Work instructions –
In the data that follows, find the line with "Albion® Drop Earrings"; transcribe it, every later line up to the one with "TV ormarić s", and that line as well, exactly and with no others.

Supplied data –
————————

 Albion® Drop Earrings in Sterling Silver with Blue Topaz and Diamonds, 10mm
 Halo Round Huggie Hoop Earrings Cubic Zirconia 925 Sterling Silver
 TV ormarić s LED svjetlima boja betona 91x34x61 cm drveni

————————

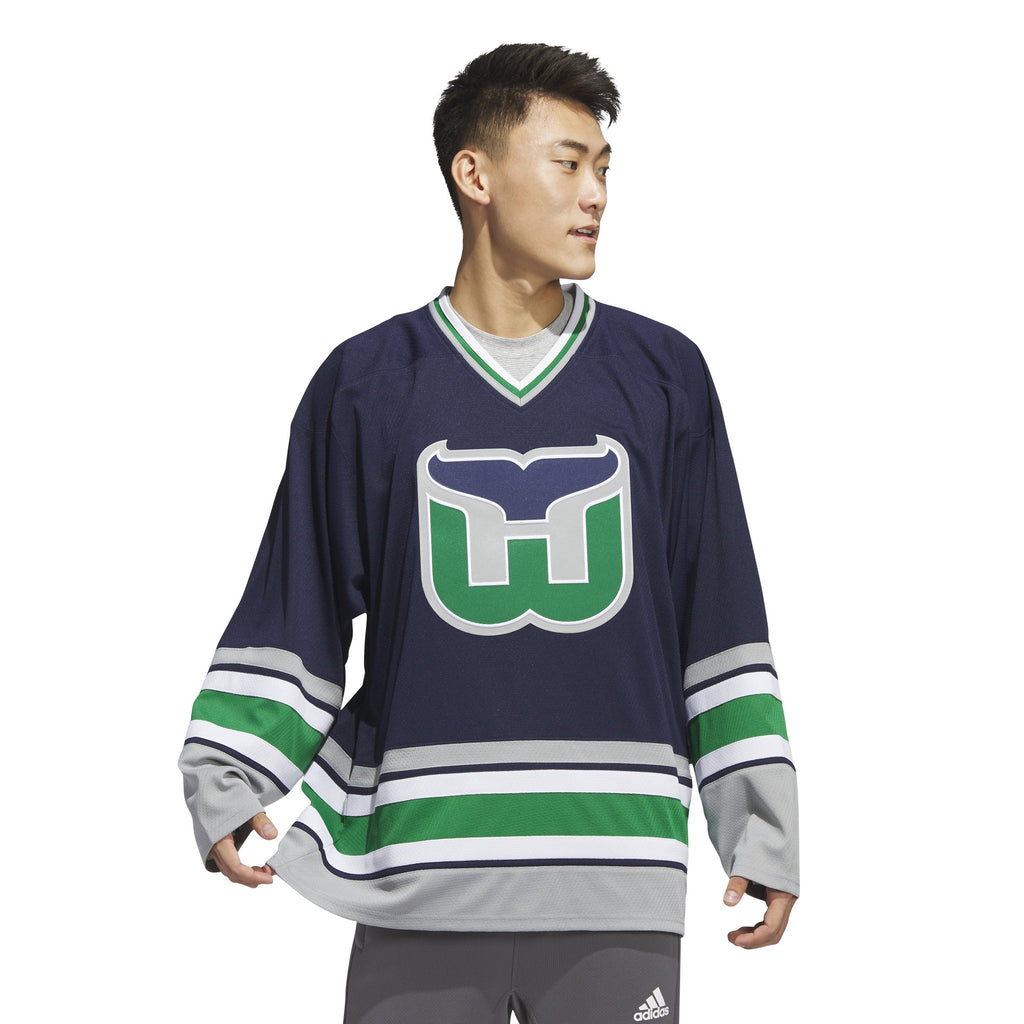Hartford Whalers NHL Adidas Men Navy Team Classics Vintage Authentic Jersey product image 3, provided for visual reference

————————

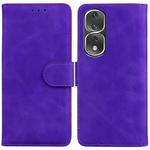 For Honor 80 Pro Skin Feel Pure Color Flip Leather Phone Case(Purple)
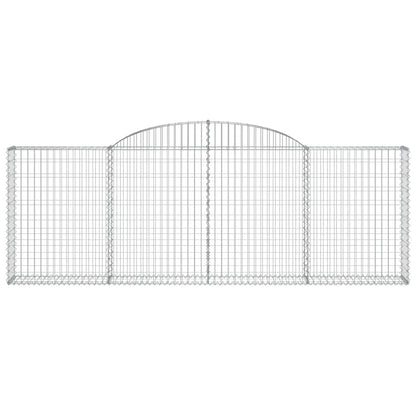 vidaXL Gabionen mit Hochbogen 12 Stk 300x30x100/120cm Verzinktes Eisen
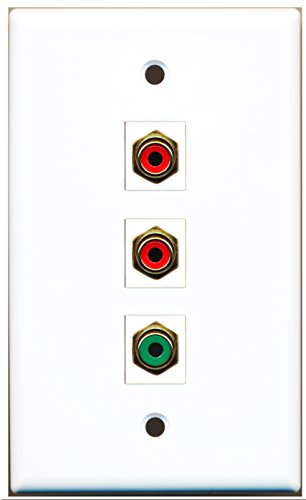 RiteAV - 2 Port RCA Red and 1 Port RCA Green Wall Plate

————————

Task result –
 Albion® Drop Earrings in Sterling Silver with Blue Topaz and Diamonds, 10mm
 Halo Round Huggie Hoop Earrings Cubic Zirconia 925 Sterling Silver
 TV ormarić s LED svjetlima boja betona 91x34x61 cm drveni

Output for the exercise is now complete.